* [Exercise input]:
>>>

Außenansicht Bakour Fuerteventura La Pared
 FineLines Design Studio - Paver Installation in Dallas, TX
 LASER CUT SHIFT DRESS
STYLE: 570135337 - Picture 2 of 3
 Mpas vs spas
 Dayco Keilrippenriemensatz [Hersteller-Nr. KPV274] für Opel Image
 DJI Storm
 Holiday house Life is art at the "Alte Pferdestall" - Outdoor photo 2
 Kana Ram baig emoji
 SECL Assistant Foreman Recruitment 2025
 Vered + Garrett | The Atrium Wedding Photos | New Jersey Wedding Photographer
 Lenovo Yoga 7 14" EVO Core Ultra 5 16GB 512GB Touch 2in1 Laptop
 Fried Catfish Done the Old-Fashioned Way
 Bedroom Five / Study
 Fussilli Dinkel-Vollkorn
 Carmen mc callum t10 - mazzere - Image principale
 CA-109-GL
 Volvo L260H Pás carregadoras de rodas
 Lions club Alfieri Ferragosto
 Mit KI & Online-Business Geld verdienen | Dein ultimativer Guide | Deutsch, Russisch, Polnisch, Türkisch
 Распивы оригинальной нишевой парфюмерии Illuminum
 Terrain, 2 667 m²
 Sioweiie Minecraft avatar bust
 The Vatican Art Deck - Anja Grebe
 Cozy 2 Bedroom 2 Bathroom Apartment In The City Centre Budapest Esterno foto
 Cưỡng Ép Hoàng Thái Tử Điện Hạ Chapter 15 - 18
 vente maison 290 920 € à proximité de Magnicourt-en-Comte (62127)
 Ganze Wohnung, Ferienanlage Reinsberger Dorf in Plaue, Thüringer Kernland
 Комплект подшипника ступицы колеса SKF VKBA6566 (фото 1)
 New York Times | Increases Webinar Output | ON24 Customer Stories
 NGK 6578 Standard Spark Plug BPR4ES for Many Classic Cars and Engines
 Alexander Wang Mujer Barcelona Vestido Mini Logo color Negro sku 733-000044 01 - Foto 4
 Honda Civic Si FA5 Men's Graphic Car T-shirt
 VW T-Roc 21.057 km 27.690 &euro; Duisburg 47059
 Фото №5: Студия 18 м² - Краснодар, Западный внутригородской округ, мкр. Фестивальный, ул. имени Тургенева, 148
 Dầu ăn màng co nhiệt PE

<<<

* [Action item]: Once you find the line with "Volvo L260H Pás carregadoras de rodas" in the entries above, output it and each line after it up to and including the line with "NGK 6578 Standard", and nothing else.

* [Answer to this task]:
 Volvo L260H Pás carregadoras de rodas
 Lions club Alfieri Ferragosto
 Mit KI & Online-Business Geld verdienen | Dein ultimativer Guide | Deutsch, Russisch, Polnisch, Türkisch
 Распивы оригинальной нишевой парфюмерии Illuminum
 Terrain, 2 667 m²
 Sioweiie Minecraft avatar bust
 The Vatican Art Deck - Anja Grebe
 Cozy 2 Bedroom 2 Bathroom Apartment In The City Centre Budapest Esterno foto
 Cưỡng Ép Hoàng Thái Tử Điện Hạ Chapter 15 - 18
 vente maison 290 920 € à proximité de Magnicourt-en-Comte (62127)
 Ganze Wohnung, Ferienanlage Reinsberger Dorf in Plaue, Thüringer Kernland
 Комплект подшипника ступицы колеса SKF VKBA6566 (фото 1)
 New York Times | Increases Webinar Output | ON24 Customer Stories
 NGK 6578 Standard Spark Plug BPR4ES for Many Classic Cars and Engines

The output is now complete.